Bootstrap Thompson Sampling

Details

Bootstrap Thompson Sampling (BTS) is a heuristic method for solving bandit problems which modifies Thompson Sampling (see ThompsonSamplingPolicy) by replacing the posterior distribution used in Thompson sampling by a bootstrap distribution.

Usage

policy <- BootstrapTSPolicy(J = 100, a= 1, b = 1)
policy <- BootstrapTSPolicy(1000)

Arguments

new(J = 100, a= 1, b = 1)

Generates a new BootstrapTSPolicy object. Arguments are defined in the Argument section above.

set_parameters()

each policy needs to assign the parameters it wants to keep track of to list self$theta_to_arms that has to be defined in set_parameters()'s body. The parameters defined here can later be accessed by arm index in the following way: theta[[index_of_arm]]$parameter_name

get_action(context)

here, a policy decides which arm to choose, based on the current values of its parameters and, potentially, the current context.

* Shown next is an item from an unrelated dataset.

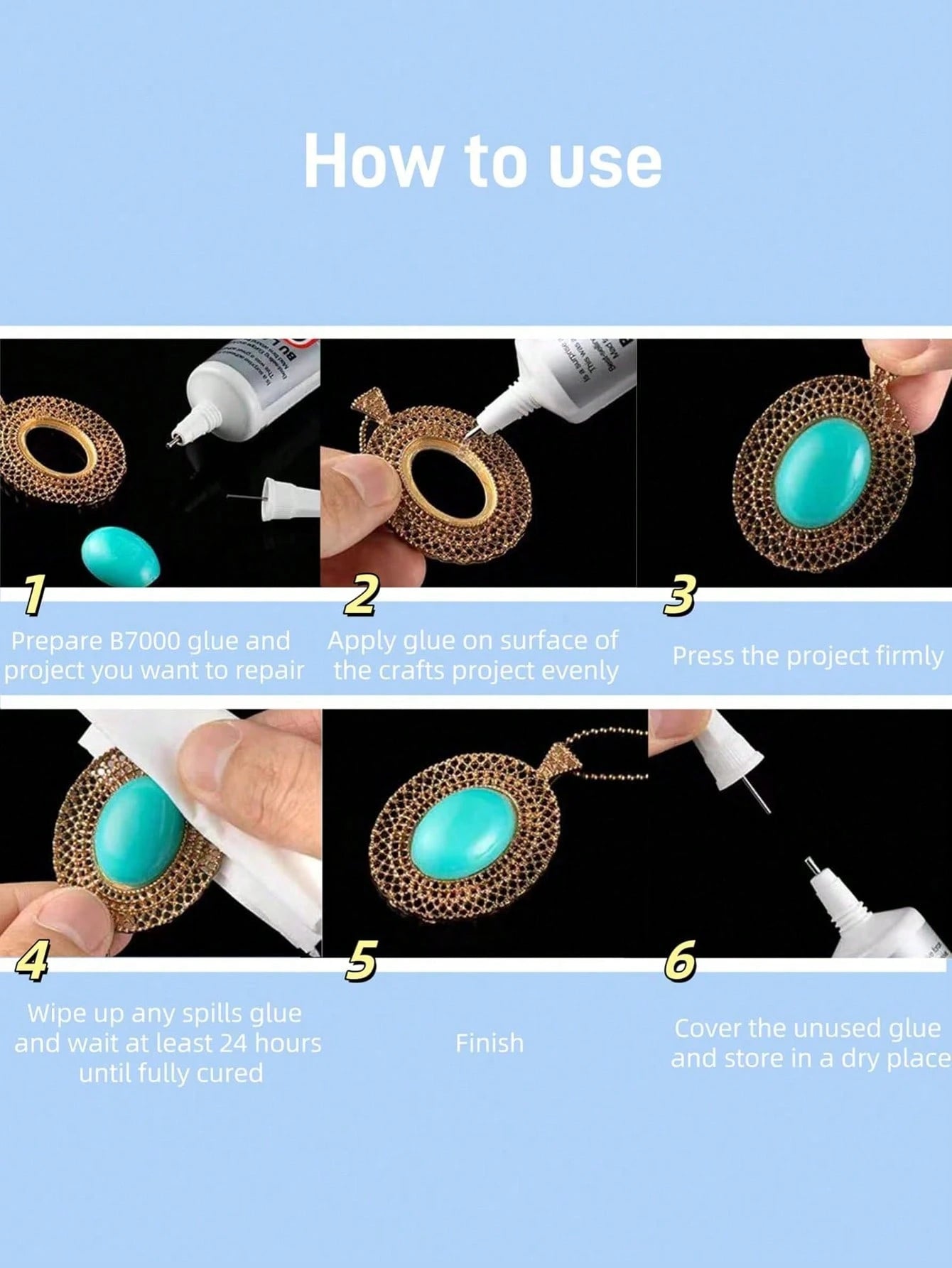 1pc B7000 Multi-Purpose Adhesive. Strong Waterproof Glue For Jewelry, Rhinestones, Fabric And Shoes. Perfect For DIY Gem Setting, Diamond Painting, Phone Repair, And Mending Jeans, Shoe Soles And Torn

set_reward(reward, context)

in set_reward(reward, context), a policy updates its parameter values based on the reward received, and, potentially, the current context.

References

Eckles, D., & Kaptein, M. (2014). Thompson sampling with the online bootstrap. arXiv preprint arXiv:1410.4009.

Thompson, W. R. (1933). On the likelihood that one unknown probability exceeds another in view of the evidence of two samples. Biometrika, 25(3/4), 285-294.